According to Executive Director of Jamaica Vacations (JAMVAC), Joy Roberts, the tourism ministry has long been lobbying all the major cruise lines regarding the possibility of creating Jamaica-only itineraries.
She said the revelation by Marella Cruises that it was exploring such a possibility was proof that “we have been doing something right” and is great news for the future of the cruise sector.
“There is also the value-added advantage of home porting, which is what Marella Cruises have been doing here in Montego Bay,” she noted.
“Montego Bay, with the Sangster International Airport a main and convenient draw, is ideal to have ships for overnight stay and where they could move on to other Jamaican ports. This has been a dream of ours and our minister, Edmund Bartlett,” Roberts said.
Home porting is when a ship uses a port/marine terminal as its home, regardless of its port of registry. This allows passengers to begin/terminate a cruise in the home port and positively impacts ground transportation and tours. Passengers may also fly into the island to board vessels.
Among the benefits of home porting is the creation of jobs for locals, as support services are provided for the vessels such as fuel, water, food and merchandise. Ground transport and small business operators will also profit as passengers disembark and go on tours and shop.
On March 14, the Marella Explorer 2 resumed home porting in Montego Bay. It visited Port Royal and will be back on a weekly cycle until April 19.
Between August 2021 and March 16, 2022, Jamaica’s ports received 104 calls comprising 141,265 passengers and 108,057 crew.

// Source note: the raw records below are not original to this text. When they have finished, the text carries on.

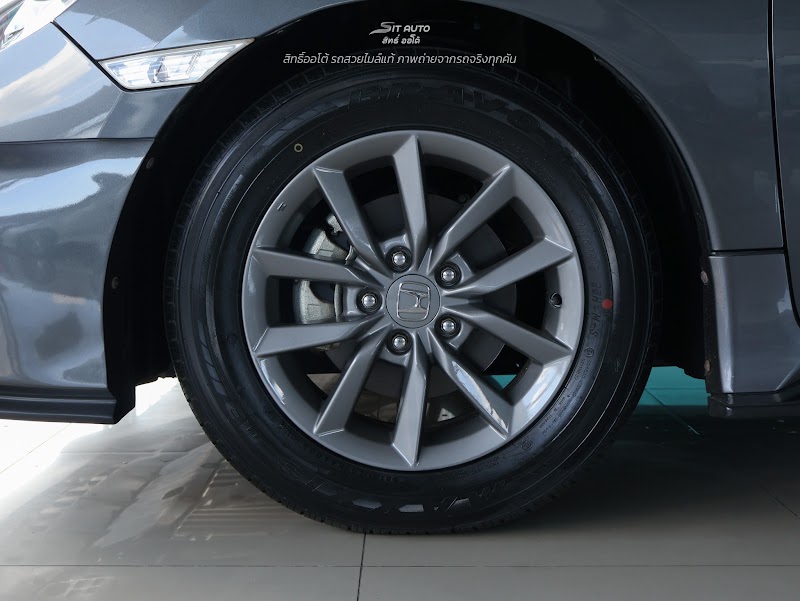 HONDA CIVIC FC 2021 สีเทาดำ มือสอง รูปที่ 5 - SIT AUTO บางแค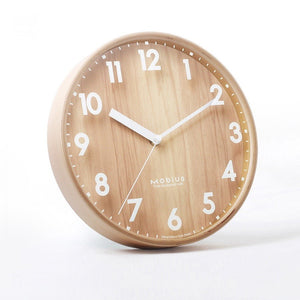 Modern Wood Wall Clock - Staunton and Henry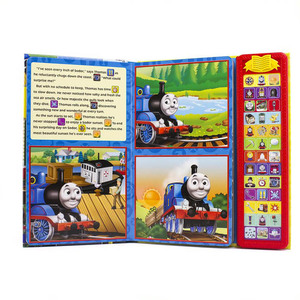 Los niños Thomas inglés de dibujos animados <span class=keywords><strong>historia</strong></span> 35 botones sonido de libros - Product Image 2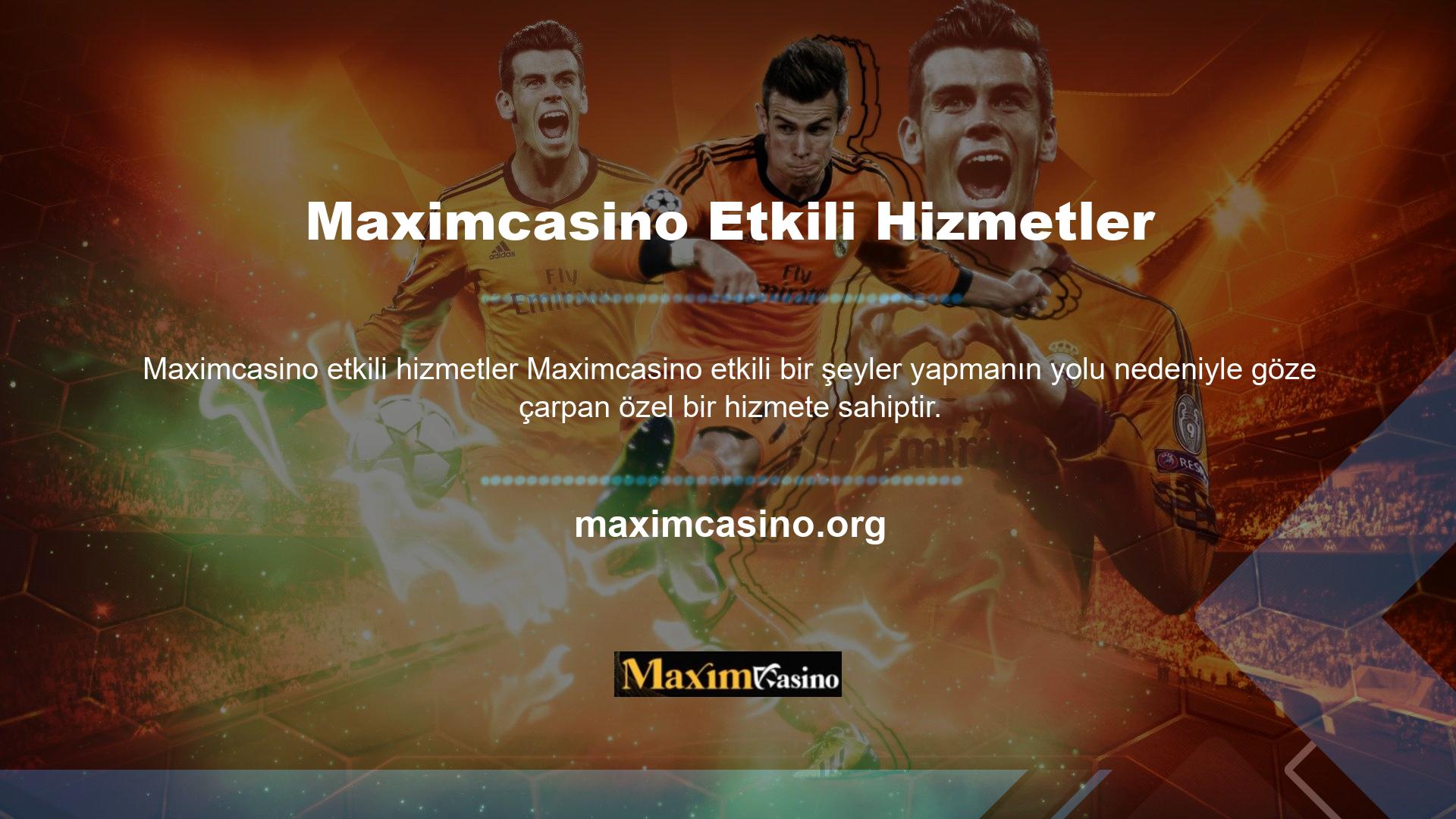 Web sitesi casino severleri tercih eden çok sayıda casino seçeneği sunmaktadır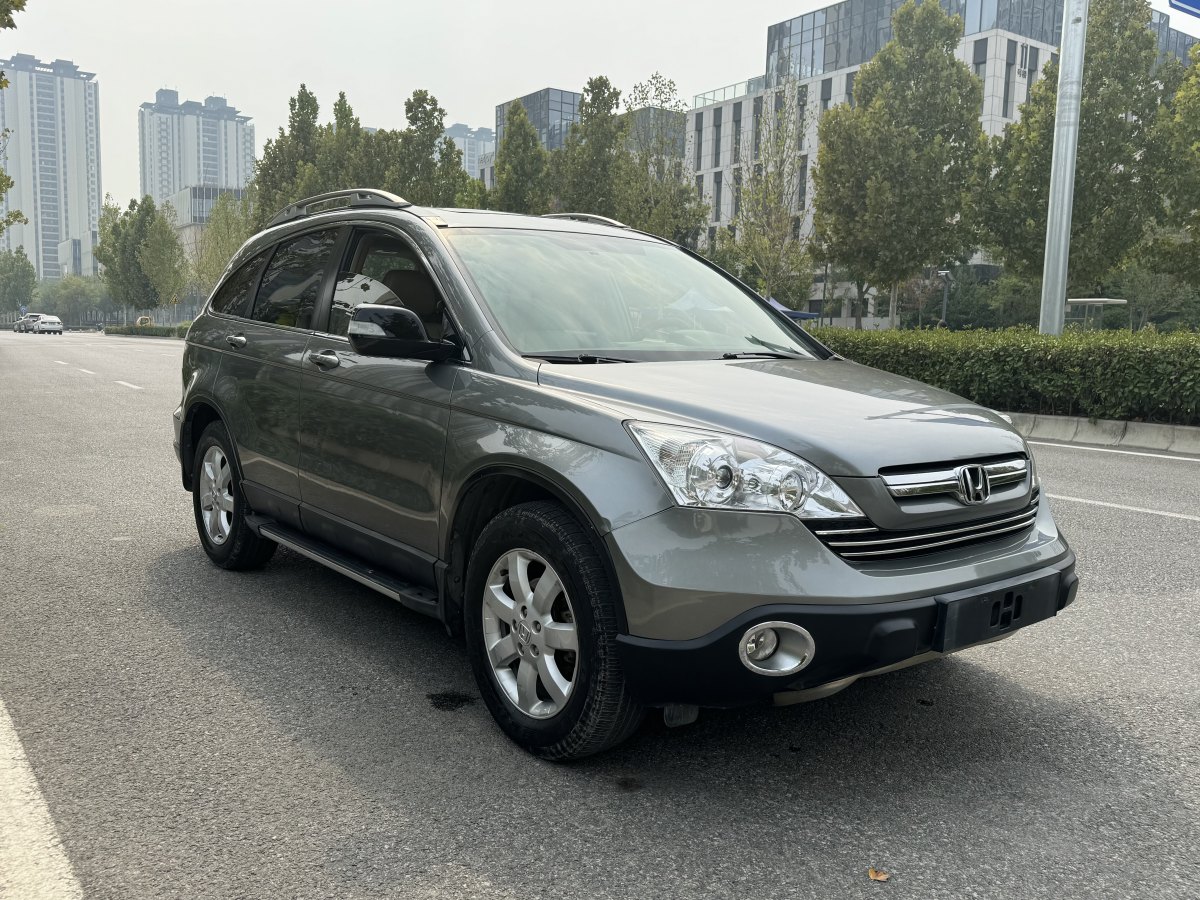 2008年6月本田 CR-V  2007款 2.4L 自動四驅(qū)豪華版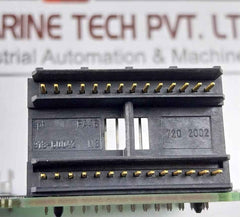 Siemens A5e02716486-1 Pcb With Programmable Logic Controller Sub-assembly 94v0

“Our goal is to bring three million cruise visitors to Jamaica by 2025. We have established the infrastructure, and we will continue to engage the marketplace to accomplish this critical objective. To do this, the Jamaica Tourist Board and Jamaica Vacations (JAMVAC) will intensify marketing efforts to position Jamaica as the destination of choice for cruise travellers from markets such as the Americas, Europe, Asia, and the Middle East,” minister Bartlett said.
“The cruise industry is critical because it provides employment for a significant number of our small and medium-sized tourism enterprises. Once the ship docks, the dollars begin to flow into the hands of the average citizen, and that, in my opinion, is the strength of cruise tourism. It does, I feel, provide the quickest means of wealth transfer due to the very straightforward jobs required. It has an immediate economic impact on ordinary people’s lives, which is critical to the survival of small towns,” he added.